What images to look at Anna Deacon’s infectious photos in the book I wrote, in collaboration with her, Taking The Plunge: The Healing Power Of Wild Swimming For Mind, Body And Soul. I find myself now picking it up to just take a flick through it in a way I never did before – just to catch a glimpse of someone breaking out from under the ice of a frozen loch, diving across a thundering waterfall, or the daft joy of people doing handstands in the sea, at night. It’s a reminder of the other thing about wild swimming that is so compelling – the community, the people, the gatherings and swim family adventures. That, more than anything is what many of us are missing now.

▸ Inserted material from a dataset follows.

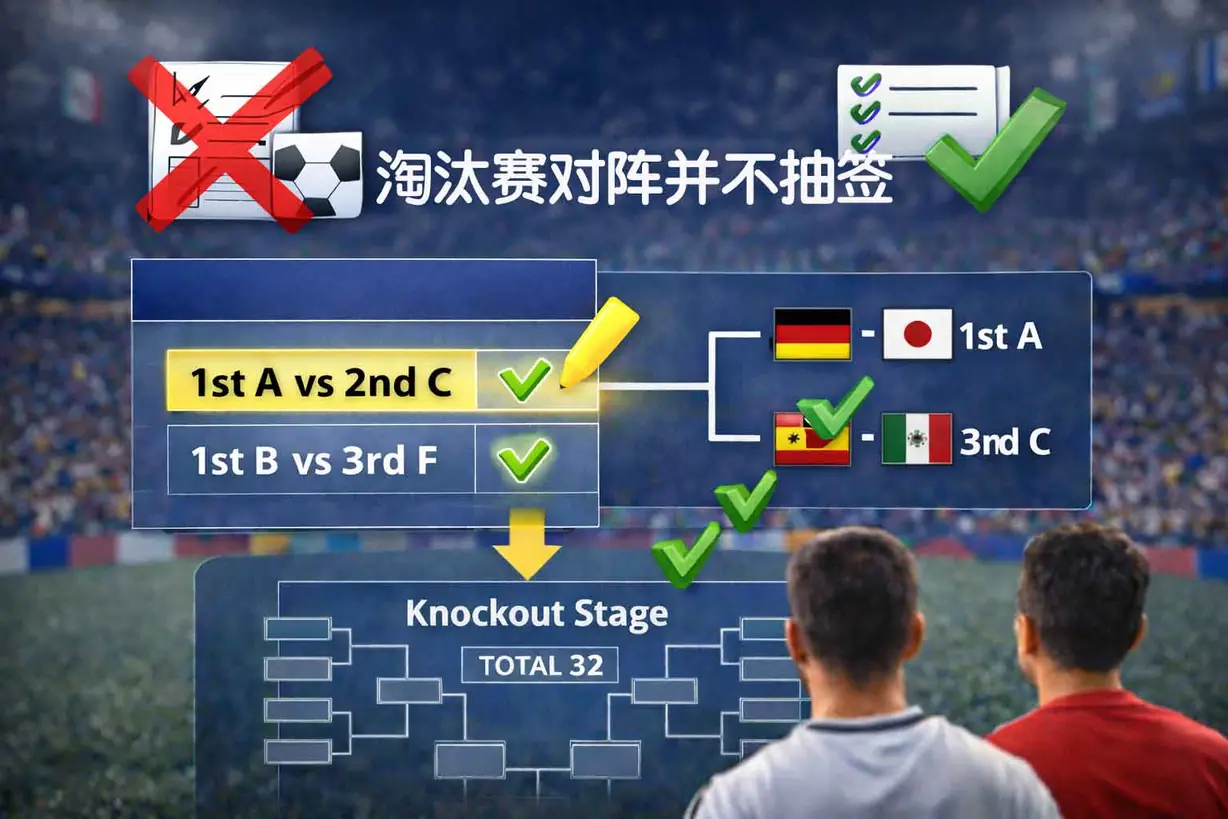 2026 世界杯淘汰赛对阵规则示意图，展示小组赛排名如何按照固定赛程进入 32 强淘汰赛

What to go back to If you haven’t read Roger Deakin’s Waterlog, the seminal wild swimming book by the man who made an aquatic journey around England, Wales, and Scotland, via seas, rivers, ponds, and lakes, then you are blessed to still have this ahead of you. Waterlog is a classic of nature writing published in 1999 that takes in many of Scotland’s waters – for instance this swim off Glenbatrick on Jura, in which he takes in the wildlife. “I swam," he writes, "on the rising tide, keeping an eye on my rucksack, like a milestone on the beach, as I drifted perceptibly up the loch. Two seals watched me idly from one of the rocks that stand out everywhere like crocodile's teeth until the tide conceals them. There were otters here too.” He even has a good tip for avoiding the midges. “Meditating, on the sea, I remembered the best solution to the problem, slid stealthily into the cool loch, and circled about in the pink and purple wavelets. Midges respond to the heat of the body, so cooling is a sound strategy.”

What to listen to Downstream, a podcast produced by Outdoor Swimmer magazine and presented by Jonathan Cowie and Ella Foote, featuring swim authors reading from their books – Libby Page reading from The Lido, Katherine May from the Wintering, Tom Gregory’s A Boy In the Water.